> _Task objective_: Copy, from the material below, each line where "welcome" shows up.

> _Data for this task_:
BEGIN

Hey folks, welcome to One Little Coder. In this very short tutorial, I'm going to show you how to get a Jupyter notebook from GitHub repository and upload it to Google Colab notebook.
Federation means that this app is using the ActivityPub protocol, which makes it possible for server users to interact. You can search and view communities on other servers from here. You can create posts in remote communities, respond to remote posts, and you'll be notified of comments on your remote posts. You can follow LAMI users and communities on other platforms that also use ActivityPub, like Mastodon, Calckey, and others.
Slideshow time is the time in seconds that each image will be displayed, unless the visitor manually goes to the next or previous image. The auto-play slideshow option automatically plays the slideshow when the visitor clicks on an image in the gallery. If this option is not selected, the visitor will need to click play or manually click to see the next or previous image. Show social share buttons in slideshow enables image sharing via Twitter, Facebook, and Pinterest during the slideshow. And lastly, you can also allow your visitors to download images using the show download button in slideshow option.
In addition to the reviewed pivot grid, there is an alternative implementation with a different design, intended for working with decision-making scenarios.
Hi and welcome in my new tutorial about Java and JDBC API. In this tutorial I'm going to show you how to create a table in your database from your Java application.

END
BEGIN

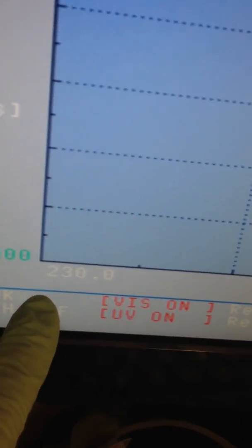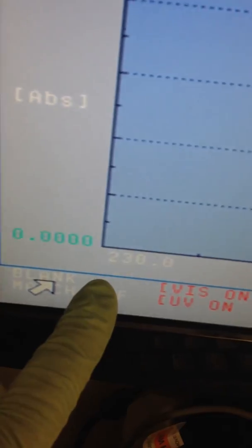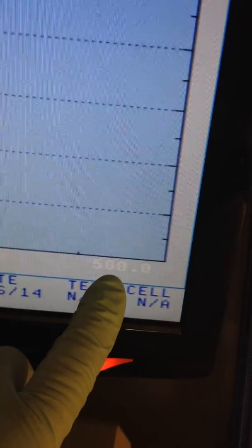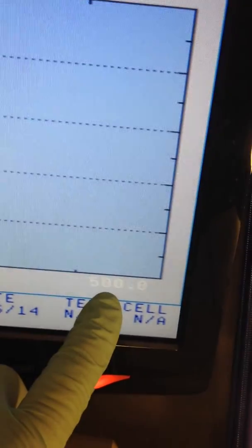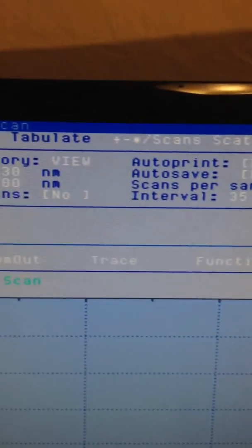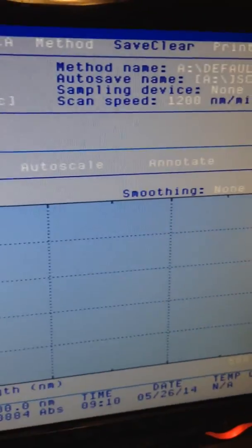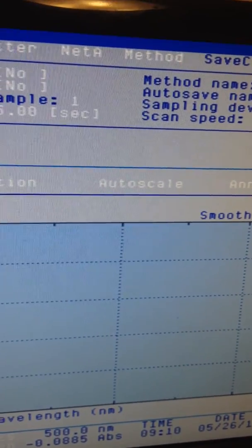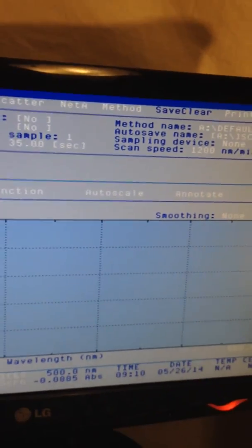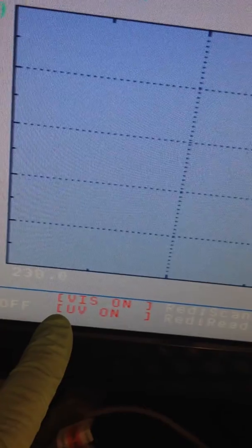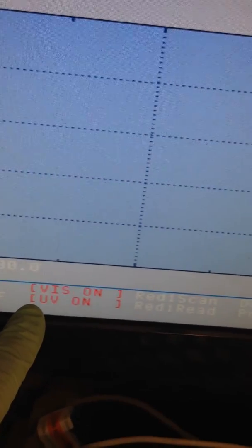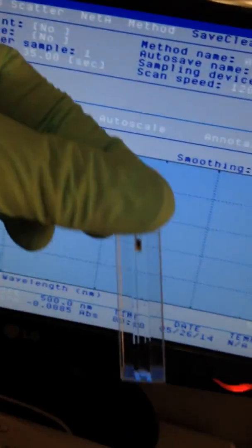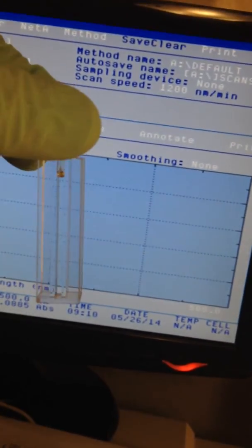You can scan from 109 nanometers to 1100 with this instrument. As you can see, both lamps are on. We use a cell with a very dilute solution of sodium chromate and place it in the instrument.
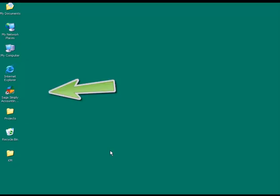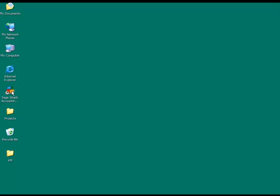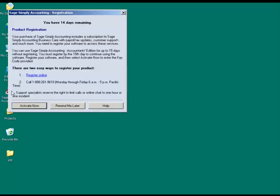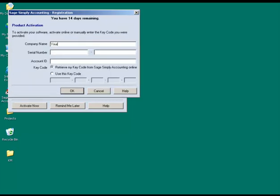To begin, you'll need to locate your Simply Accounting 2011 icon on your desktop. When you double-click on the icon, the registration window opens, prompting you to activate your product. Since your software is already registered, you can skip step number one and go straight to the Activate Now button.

END

> _Solution for this problem_:
Hey folks, welcome to One Little Coder. In this very short tutorial, I'm going to show you how to get a Jupyter notebook from GitHub repository and upload it to Google Colab notebook.
Hi and welcome in my new tutorial about Java and JDBC API. In this tutorial I'm going to show you how to create a table in your database from your Java application.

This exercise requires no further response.